(443a) Development of a Magnetic Separator for Sequestration of Magnetic Micro Spheres Designed for Ex-Vivo Blood Detoxification

Ritter, J. A., University of South Carolina
Ebner, A. D., University of South Carolina
Kaminski, M. D., Argonne National Laboratory
Chen, H., University of Chicago
Rosengart, A. J., University of Chicago
Guy, S., University of Chicago

A magnetically-based detoxification system for human blood is being developed with immediate applications for the military. One of the key components of the proposed system is a portable magnetic filter that is capable of separating magnetic microspheres from arterial blood flow in an ex-vivo unit. Since the objective is to minimize the time the patient is connected to the filter, we need to develop a filter that is capable of quantitative separation in potentially high-flow regimes (up to 200 ml/min).

The idea is to puncture an artery with a dual lumen catheter, to facilitate passing the blood directly into a portable ex-vivo magnetic separator. The magnetic separator consists of an array of alternating and parallel biocompatible capillary tubing and magnetizable wires of identical radius. This array is exposed to an applied magnetic field created from two parallel block magnets, such that the magnetic field is perpendicular to both the wires and the fluid flow.

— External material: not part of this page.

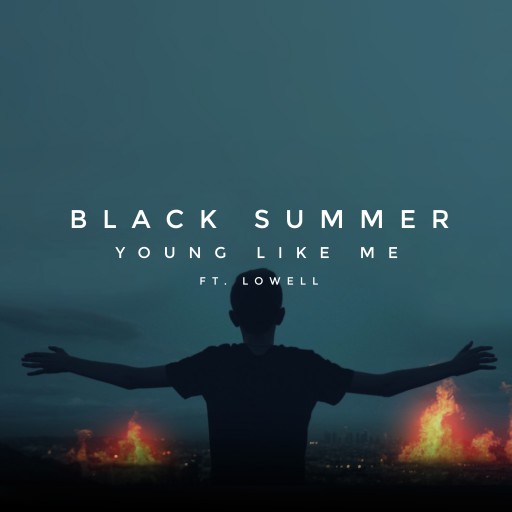 14-Year-Old EDM Producer Black Summer Teams Up With International Artist Lowell and Tekzenmusic to Release His First Single "Young Like Me"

The high magnetic field gradients created by the magnetized wires increases the collection of the magnetic microspheres contained in the blood.

A FEMLAB-based theoretical model was used to study the capture efficiency of this system. The following factors were considered: blood velocity (1 - 20 cm/s), magnetic field (0.2 - 1.0 T), wire size (0.125 - 2.0 mm in radius), specific magnetization of the wires (400 - 2000 kA/m), tubing wall thickness (0 - 0.2 mm), and tubing length (10 and 20 cm). Preliminary theoretical results show that more than 95% capture of 400 nm spheres (containing 60 wt% magnetite) is indeed achievable even at flow rates of 200 ml/min. During this presentation, the results from the complete parameter study will be given, along with some in vitro experiments that confirm the theoretical predictions.